You might be surprised to learn some of the 007-style work contractors have been involved in:

Private contractors working for the CIA have recruited spies in Iraq, paid bribes for information in Afghanistan and protected CIA directors visiting world capitals. Contractors have helped snatch a suspected extremist off the streets of Italy, interrogated detainees once held at secret prisons abroad and watched over defectors holed up in the Washington suburbs. At Langley headquarters, they analyze terrorist networks. At the agency's training facility in Virginia, they are helping mold a new generation of American spies.

They also:

…kill enemy fighters. They spy on foreign governments and eavesdrop on terrorist networks. They help craft war plans. They gather information on local factions in war zones. They are the historians, the architects, the recruiters in the nation's most secretive agencies. They staff watch centers across the Washington area. They are among the most trusted advisers to the four-star generals leading the nation's wars.

Private sector companies have created a nice little racket for themsolves, poaching intelligence and military talent from the government and then leasing them back at a premium. A company called Abraxas, "headed by a former CIA spy… recruited midlevel managers during work hours from the CIA's cafeteria, former agency officers recall." And the government simply can't keep pace with the money and perks private sector firm provide.

Contractors can offer more money - often twice as much - to experienced federal employees than the government is allowed to pay them. And because competition among firms for people with security clearances is so great, corporations offer such perks as BMWs and $15,000 signing bonuses, as Raytheon did in June for software developers with top-level clearances.

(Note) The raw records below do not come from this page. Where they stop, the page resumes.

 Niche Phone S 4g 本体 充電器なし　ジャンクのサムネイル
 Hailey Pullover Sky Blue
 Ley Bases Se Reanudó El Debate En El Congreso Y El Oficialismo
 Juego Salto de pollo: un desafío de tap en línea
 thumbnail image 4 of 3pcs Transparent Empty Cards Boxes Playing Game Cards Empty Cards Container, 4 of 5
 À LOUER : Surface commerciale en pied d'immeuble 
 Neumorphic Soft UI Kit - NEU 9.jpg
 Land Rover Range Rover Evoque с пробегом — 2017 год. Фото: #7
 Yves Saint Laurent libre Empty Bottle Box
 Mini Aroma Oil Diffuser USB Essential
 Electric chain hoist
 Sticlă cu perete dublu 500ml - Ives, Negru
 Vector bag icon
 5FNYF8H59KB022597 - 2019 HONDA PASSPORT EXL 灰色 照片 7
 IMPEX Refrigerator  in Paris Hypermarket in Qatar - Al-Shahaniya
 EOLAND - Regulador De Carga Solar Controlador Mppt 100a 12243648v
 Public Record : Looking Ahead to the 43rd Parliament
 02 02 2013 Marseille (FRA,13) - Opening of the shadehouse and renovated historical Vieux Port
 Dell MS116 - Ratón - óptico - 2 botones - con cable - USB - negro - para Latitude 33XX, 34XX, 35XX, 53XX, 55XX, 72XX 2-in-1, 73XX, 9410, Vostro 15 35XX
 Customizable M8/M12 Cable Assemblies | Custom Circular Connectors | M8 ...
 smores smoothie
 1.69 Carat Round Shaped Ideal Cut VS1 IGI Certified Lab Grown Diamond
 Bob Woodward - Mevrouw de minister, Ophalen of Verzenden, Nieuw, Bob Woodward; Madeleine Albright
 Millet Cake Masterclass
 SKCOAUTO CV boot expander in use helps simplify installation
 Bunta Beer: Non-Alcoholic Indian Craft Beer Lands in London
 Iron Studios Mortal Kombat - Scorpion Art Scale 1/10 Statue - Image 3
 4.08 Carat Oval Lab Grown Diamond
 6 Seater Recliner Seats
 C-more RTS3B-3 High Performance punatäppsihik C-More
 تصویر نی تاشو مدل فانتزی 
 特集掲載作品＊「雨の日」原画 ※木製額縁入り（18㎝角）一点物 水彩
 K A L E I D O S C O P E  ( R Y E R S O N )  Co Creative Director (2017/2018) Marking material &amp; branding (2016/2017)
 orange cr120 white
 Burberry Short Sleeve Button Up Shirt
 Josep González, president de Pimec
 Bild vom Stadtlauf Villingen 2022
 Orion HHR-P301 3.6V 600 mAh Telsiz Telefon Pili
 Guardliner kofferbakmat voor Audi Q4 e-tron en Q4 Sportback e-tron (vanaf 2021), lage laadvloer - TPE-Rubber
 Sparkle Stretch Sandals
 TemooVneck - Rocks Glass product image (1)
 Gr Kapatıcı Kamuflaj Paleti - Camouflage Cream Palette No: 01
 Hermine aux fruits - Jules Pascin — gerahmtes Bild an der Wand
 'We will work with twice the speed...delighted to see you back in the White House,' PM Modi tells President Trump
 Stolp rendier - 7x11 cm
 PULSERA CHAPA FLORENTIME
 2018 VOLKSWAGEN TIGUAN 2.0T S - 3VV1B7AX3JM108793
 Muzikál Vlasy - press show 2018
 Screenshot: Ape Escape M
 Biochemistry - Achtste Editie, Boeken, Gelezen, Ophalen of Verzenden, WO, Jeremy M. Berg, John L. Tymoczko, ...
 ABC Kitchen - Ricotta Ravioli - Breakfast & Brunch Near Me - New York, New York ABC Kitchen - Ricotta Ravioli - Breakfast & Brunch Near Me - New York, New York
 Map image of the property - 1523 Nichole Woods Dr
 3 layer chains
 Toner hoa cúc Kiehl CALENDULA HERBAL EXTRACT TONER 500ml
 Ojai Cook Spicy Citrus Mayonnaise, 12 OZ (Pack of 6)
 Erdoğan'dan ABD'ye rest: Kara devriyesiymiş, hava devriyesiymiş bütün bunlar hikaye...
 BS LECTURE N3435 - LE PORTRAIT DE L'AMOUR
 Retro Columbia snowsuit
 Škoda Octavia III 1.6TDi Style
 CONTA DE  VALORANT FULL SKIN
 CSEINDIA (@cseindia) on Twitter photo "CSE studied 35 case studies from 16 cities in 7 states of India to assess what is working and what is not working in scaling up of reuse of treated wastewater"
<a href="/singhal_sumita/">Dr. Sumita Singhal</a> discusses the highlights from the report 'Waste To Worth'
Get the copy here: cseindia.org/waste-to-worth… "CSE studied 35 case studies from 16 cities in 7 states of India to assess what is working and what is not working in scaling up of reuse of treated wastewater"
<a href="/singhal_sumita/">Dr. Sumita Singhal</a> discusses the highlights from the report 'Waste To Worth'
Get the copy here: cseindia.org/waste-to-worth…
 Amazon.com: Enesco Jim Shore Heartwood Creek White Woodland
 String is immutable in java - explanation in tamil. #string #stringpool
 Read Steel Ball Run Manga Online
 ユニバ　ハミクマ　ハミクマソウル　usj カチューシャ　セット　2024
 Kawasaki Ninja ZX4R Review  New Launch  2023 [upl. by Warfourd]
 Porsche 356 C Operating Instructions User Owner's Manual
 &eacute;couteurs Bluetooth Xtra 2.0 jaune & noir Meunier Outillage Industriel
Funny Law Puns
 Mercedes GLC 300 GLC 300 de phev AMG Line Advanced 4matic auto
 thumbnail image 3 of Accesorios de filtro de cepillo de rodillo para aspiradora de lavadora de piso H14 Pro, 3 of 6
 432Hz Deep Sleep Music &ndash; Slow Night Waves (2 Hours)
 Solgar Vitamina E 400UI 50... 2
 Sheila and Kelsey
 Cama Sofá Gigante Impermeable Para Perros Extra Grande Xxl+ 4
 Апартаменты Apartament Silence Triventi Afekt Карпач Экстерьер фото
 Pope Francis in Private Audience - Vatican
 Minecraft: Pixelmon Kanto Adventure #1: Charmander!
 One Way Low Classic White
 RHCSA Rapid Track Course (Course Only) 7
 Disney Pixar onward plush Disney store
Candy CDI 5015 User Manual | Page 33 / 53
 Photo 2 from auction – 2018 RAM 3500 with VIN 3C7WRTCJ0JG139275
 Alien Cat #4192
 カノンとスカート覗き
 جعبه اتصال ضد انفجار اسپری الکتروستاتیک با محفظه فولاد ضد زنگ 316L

This is why the profligate contracting cycle is here to stay:

At a U.S. Special Operations Command conference in Fayetteville, N.C., in April, vendors paid for access to some of the people who decide what services and gadgets to buy for troops. In mid-May, the national security industry held a black-tie evening funded by the same corporations seeking business from the defense, intelligence and congressional leaders seated at their tables.

Such coziness worries other officials who believe the post-9/11 defense-intelligence-corporate relationship has become, as one senior military intelligence officer described it, a "self-licking ice cream cone."

Another official, a longtime conservative staffer on the Senate Armed Services Committee, described it as "a living, breathing organism" impossible to control or curtail. "How much money has been involved is just mind-boggling," he said. "We've built such a vast instrument. What are you going to do with this thing? . . . It's turned into a jobs program."